◆ Data extracts ◆
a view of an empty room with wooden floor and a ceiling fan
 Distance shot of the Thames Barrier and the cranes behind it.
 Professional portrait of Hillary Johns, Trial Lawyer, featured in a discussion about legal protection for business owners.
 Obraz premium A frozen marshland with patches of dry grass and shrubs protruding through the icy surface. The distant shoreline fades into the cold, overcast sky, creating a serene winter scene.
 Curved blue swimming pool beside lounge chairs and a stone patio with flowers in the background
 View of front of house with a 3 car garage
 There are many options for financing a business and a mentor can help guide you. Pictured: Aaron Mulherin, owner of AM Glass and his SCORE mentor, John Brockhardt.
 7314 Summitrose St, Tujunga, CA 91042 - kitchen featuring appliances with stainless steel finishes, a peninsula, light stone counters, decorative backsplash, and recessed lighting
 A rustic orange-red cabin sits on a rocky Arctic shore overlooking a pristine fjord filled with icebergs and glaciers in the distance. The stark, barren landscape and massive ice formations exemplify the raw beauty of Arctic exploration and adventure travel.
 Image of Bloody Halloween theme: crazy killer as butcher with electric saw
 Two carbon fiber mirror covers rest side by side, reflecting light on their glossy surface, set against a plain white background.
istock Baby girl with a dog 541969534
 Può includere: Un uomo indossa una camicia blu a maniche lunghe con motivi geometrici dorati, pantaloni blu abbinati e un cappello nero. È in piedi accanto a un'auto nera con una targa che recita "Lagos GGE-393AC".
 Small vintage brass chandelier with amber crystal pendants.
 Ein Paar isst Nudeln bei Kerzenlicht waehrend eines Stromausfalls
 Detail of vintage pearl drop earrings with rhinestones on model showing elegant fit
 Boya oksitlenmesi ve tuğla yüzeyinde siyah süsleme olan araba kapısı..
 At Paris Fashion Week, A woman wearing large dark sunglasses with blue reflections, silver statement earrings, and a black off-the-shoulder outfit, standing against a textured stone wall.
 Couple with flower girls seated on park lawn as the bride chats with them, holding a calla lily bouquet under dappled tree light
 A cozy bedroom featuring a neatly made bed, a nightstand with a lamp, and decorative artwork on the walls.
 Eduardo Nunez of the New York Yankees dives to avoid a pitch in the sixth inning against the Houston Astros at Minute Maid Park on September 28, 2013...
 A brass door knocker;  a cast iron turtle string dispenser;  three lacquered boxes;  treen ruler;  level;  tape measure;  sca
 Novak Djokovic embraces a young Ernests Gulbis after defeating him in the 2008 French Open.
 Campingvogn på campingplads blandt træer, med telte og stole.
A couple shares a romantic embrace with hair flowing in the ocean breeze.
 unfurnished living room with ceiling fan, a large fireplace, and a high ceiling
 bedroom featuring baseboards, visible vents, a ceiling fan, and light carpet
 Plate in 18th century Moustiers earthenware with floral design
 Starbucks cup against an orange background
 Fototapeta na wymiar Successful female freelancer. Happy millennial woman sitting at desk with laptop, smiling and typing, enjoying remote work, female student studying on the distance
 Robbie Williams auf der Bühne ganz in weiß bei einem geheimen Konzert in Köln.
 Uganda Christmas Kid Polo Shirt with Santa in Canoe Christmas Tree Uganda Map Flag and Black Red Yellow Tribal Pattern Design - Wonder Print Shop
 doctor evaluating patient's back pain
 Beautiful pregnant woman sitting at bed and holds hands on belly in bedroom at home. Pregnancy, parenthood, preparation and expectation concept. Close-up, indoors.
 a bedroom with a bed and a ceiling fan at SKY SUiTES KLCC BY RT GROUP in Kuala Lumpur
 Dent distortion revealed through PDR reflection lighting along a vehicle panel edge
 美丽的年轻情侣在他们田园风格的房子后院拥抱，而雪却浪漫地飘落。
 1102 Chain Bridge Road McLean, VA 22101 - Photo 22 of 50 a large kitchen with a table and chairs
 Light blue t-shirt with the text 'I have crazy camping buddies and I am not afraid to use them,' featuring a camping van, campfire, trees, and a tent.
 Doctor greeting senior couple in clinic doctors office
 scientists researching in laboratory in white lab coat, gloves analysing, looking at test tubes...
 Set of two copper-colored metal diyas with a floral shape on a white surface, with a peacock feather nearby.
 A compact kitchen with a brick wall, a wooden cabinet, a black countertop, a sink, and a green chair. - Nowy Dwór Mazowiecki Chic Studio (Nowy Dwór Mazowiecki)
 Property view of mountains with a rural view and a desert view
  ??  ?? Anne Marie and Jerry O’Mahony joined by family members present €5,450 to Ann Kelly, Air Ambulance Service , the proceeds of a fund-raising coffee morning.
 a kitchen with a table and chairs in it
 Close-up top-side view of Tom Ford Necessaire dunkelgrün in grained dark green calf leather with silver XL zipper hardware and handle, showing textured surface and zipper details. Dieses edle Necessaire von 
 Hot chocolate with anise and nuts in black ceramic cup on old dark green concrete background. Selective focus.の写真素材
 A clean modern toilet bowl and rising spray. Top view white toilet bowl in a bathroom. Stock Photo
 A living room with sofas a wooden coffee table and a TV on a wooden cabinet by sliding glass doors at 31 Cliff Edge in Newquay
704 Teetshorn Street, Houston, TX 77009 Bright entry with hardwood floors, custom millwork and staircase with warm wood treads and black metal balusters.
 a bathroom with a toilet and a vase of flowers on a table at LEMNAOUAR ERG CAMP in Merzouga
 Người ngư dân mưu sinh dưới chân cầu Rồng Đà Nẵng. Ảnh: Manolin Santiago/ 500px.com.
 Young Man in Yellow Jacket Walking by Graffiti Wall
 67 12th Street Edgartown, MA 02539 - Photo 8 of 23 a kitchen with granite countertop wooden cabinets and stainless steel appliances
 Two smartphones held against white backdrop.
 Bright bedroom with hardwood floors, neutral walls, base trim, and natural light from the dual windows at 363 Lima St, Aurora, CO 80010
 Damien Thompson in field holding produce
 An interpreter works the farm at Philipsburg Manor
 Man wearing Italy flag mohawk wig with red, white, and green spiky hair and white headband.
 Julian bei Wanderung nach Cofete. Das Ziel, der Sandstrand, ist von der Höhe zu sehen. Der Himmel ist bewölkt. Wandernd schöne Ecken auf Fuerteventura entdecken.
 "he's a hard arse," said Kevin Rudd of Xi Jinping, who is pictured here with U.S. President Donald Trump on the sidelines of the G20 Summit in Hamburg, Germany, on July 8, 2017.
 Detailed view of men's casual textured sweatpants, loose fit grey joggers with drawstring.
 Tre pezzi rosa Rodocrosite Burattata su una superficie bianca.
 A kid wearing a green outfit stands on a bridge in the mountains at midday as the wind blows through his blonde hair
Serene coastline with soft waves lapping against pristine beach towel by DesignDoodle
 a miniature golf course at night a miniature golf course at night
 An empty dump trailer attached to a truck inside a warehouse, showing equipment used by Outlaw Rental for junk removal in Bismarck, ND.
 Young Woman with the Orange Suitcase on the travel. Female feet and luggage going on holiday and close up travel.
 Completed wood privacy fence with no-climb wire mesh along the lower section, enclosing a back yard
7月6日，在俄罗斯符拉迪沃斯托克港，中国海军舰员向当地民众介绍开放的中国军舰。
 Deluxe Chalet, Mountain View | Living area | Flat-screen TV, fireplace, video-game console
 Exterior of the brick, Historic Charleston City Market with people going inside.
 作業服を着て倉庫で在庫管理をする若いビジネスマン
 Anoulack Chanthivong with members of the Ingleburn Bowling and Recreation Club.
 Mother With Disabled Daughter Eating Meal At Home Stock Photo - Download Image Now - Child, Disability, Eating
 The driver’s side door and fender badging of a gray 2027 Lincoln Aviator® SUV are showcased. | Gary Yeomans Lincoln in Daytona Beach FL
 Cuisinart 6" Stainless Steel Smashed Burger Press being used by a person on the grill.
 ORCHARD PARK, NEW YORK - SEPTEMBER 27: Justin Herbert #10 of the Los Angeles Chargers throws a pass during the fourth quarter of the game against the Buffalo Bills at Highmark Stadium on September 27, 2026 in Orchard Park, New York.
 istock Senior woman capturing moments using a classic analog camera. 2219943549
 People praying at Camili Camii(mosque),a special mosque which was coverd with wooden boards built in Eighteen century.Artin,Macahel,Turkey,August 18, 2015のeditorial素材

◆ Problem details ◆
What are the lines above, starting at the one with "A clean modern" and ending at the one with "67 12th Street"? Give them again exactly, and only them.

◆ Answer to this problem ◆
 A clean modern toilet bowl and rising spray. Top view white toilet bowl in a bathroom. Stock Photo
 A living room with sofas a wooden coffee table and a TV on a wooden cabinet by sliding glass doors at 31 Cliff Edge in Newquay
704 Teetshorn Street, Houston, TX 77009 Bright entry with hardwood floors, custom millwork and staircase with warm wood treads and black metal balusters.
 a bathroom with a toilet and a vase of flowers on a table at LEMNAOUAR ERG CAMP in Merzouga
 Người ngư dân mưu sinh dưới chân cầu Rồng Đà Nẵng. Ảnh: Manolin Santiago/ 500px.com.
 Young Man in Yellow Jacket Walking by Graffiti Wall
 67 12th Street Edgartown, MA 02539 - Photo 8 of 23 a kitchen with granite countertop wooden cabinets and stainless steel appliances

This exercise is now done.